CCF uses batch processing to adjust connection weights. Rather than adjusting the weights after each input pattern (or observation and time period), weight changes are summed over all input patterns (observations and time periods). After all observations have been processed, the sum of changes is divided by the number of observations multiplied by the number of time periods (which is equal to the number of input to output mappings) to arrive at a "smoothed" weight change for each connection. Experimentation has shown that updating weights in this manner yields better results and leads to faster convergence (Rumelhart et al, 1988).
The data for CCF is obtained by superimposing a regular grid on the study area and aggregating data values for the independent variables for each time period and grid cell. In the game of life the only data point per grid cell and time period consists of whether the cell is dead or alive. In CCF an example of a data point might be the number of burglary arrests per time period in a grid cell. A further example would be the proportion of housing units in the cell that are abandoned or tax delinquent during a time period.

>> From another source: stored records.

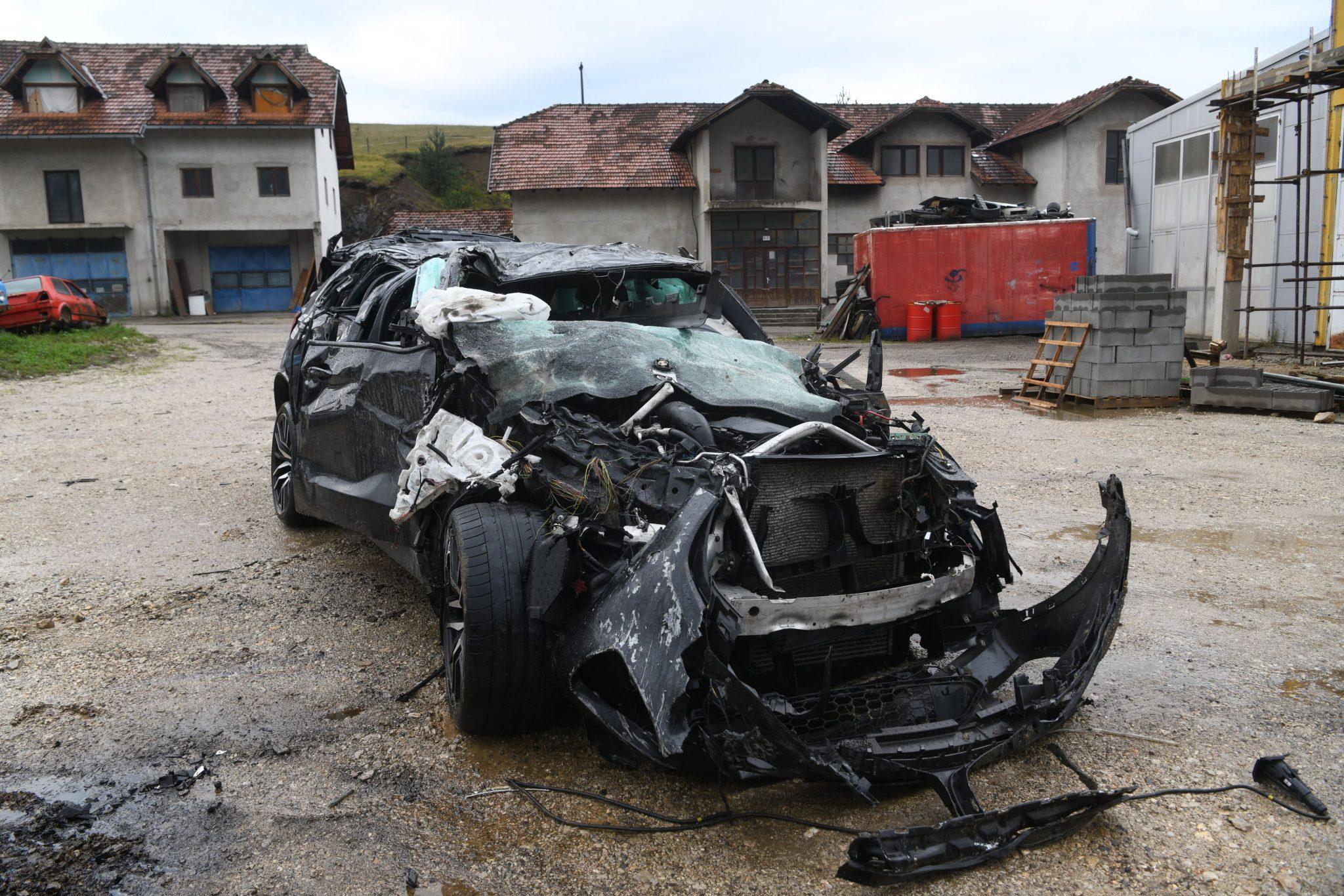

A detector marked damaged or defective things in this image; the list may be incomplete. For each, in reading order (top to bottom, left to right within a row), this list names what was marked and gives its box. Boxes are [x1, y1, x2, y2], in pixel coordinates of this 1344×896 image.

shattered windshield [457, 318, 844, 424]
wrecked black car [272, 231, 1134, 881]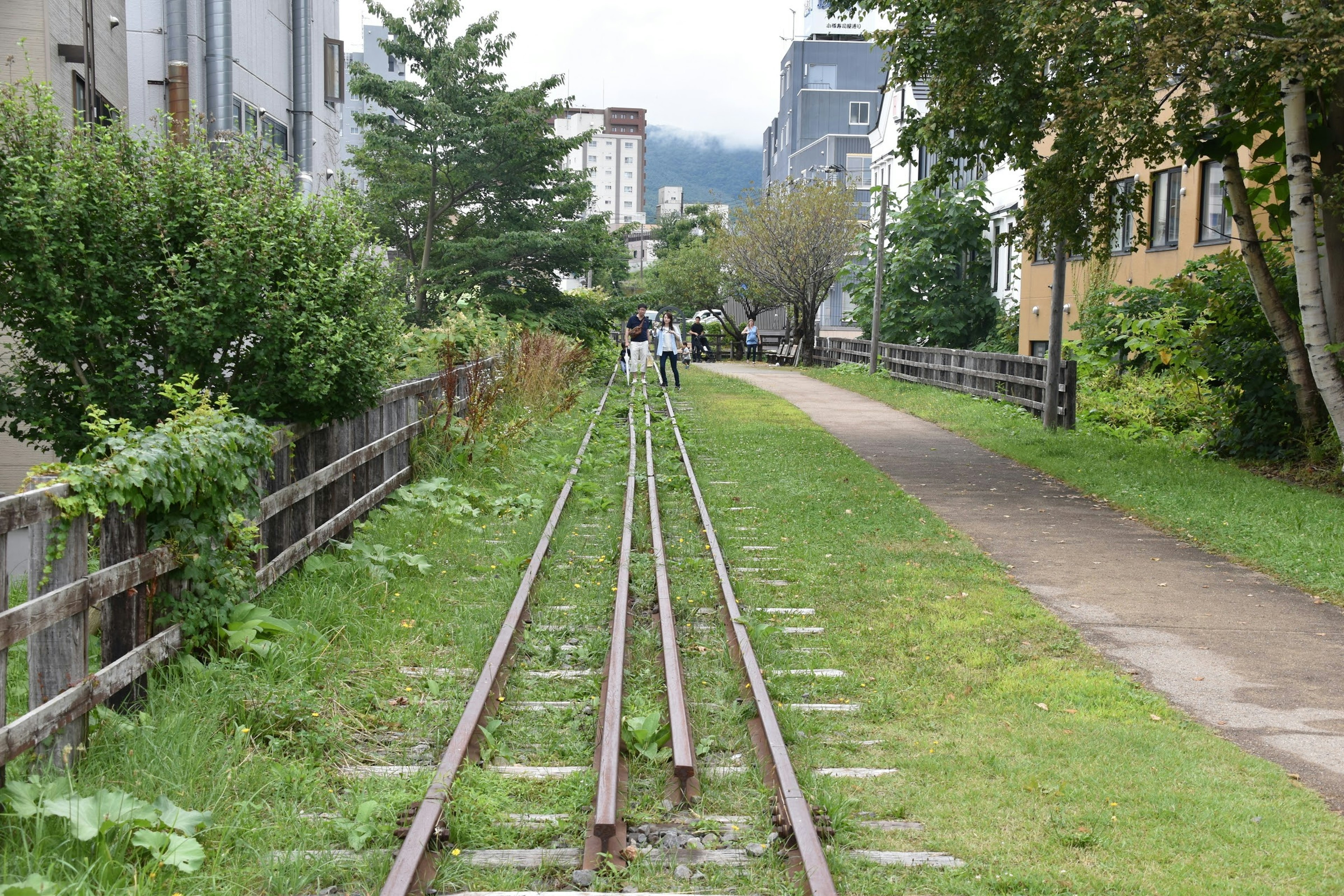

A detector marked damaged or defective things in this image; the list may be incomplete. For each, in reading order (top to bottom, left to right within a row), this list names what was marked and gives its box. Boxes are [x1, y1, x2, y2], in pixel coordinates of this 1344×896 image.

rusty rail [382, 365, 621, 896]
rusty rail [580, 382, 637, 865]
rusty rail [645, 382, 699, 800]
rusty rail [658, 390, 833, 892]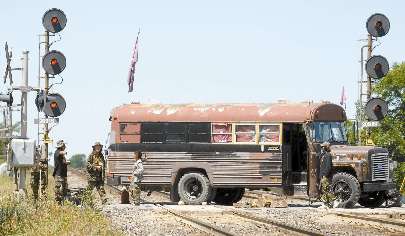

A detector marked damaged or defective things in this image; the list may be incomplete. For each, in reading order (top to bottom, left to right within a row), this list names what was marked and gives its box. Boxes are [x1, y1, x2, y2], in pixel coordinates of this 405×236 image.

rusty old bus [105, 101, 398, 206]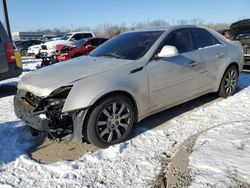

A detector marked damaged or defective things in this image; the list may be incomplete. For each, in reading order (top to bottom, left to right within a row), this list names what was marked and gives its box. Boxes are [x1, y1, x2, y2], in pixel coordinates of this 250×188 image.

crumpled hood [230, 19, 250, 35]
crumpled hood [18, 55, 132, 97]
broken bumper cover [14, 95, 48, 131]
damaged front end [14, 86, 87, 142]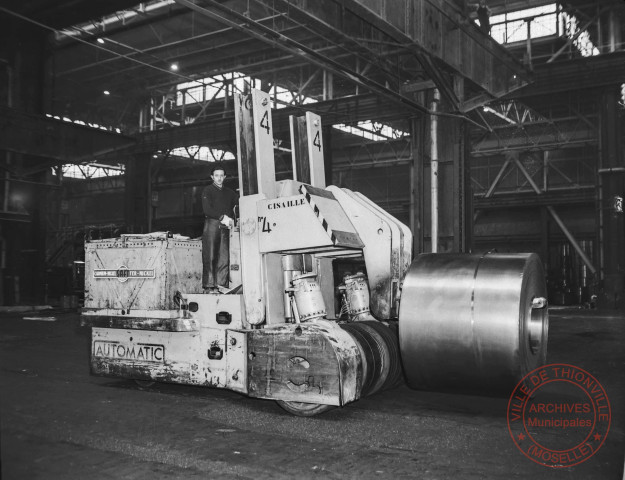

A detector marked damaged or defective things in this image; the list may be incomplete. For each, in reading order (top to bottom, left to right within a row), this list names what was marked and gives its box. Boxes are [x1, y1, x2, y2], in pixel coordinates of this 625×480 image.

rusty metal surface [400, 253, 544, 396]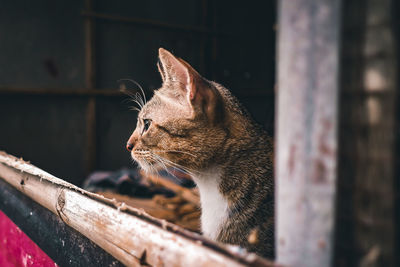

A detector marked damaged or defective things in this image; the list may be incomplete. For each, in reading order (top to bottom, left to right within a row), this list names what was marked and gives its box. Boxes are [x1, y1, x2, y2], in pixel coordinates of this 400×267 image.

The neighborhood used to produce onestepahead forecasts in CCF consists of the current observation (cell) and the eight surrounding cells. As in Figure 5.2 each hidden unit is connected to each grid cell in the neighborhood. The difference is there are multiple connections to each grid cell because multiple signals (independent variables) are processed. This produces spatially and, because the network produces onestepahead forecasts, also temporally lagged data points.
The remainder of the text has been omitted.